Facing twin crises of COVID-19 and climate change, refugees will suffer the most
Since its emergence barely half a year ago, COVID-19 has infected more than 8.5 million people globally, and has killed at least 452,000. The pandemic—along with climate change—leaves the planet facing “perhaps its worst humanitarian crisis since World War II.”
Yet the international community is woefully unprepared to deal with either challenge, warned Mark Bartolini, founding director of the Climate and Humanitarian Crisis Initiative.

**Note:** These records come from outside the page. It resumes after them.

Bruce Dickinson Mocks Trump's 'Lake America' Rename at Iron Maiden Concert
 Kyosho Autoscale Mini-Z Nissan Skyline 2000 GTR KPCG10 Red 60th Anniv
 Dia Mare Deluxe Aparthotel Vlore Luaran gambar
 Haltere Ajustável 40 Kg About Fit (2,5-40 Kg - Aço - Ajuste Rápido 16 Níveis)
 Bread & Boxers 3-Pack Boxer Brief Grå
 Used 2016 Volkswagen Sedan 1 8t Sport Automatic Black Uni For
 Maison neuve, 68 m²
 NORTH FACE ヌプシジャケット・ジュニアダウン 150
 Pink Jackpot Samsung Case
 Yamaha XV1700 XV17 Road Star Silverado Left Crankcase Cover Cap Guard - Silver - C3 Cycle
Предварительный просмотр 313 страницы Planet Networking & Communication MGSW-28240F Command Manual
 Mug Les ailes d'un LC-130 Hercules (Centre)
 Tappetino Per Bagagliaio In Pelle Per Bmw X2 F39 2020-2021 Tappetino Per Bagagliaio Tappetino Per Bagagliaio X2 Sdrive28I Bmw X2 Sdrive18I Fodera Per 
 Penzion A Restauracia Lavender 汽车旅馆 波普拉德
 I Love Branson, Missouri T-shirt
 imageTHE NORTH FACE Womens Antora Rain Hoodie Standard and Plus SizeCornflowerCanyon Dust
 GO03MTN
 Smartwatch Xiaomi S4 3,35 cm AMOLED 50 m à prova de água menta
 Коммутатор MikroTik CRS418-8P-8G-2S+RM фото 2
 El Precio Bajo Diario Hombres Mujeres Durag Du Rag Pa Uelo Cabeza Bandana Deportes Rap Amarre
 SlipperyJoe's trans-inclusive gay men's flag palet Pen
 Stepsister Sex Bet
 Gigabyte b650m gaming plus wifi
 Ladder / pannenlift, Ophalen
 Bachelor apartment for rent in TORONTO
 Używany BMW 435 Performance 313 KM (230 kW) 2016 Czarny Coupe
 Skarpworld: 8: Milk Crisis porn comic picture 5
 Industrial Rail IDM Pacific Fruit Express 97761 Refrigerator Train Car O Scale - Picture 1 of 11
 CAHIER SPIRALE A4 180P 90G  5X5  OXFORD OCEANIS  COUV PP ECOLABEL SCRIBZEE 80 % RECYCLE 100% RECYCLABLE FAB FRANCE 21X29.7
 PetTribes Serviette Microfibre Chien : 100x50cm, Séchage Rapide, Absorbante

“We spend about $200 billion a year on [fighting] terrorism, and only $2-3 billion a year on pandemic response. Yet we know from SARS, MERS, AIDS, and H1N1 how devastating to economies and populations a crisis like this would be,” said Bartolini. “With climate change, you have some of the same denials that accompanied COVID-19. But there is no vaccine for climate change. The list of impacts is incredibly long—storms, droughts, desertification, and disease transmission—and it’s refugees and migrants who are going to suffer the worst.”
Bartolini was one of three panelists featured in a June 18 webinar on refugees and resilience. The event—held in advance of World Refugee Day, June 20—was hosted by the Atlantic Council’s Adrienne Arsht-Rockefeller Foundation Resilience Center, in partnership with the International Federation of Red Cross and Red Crescent Societies (IFRC).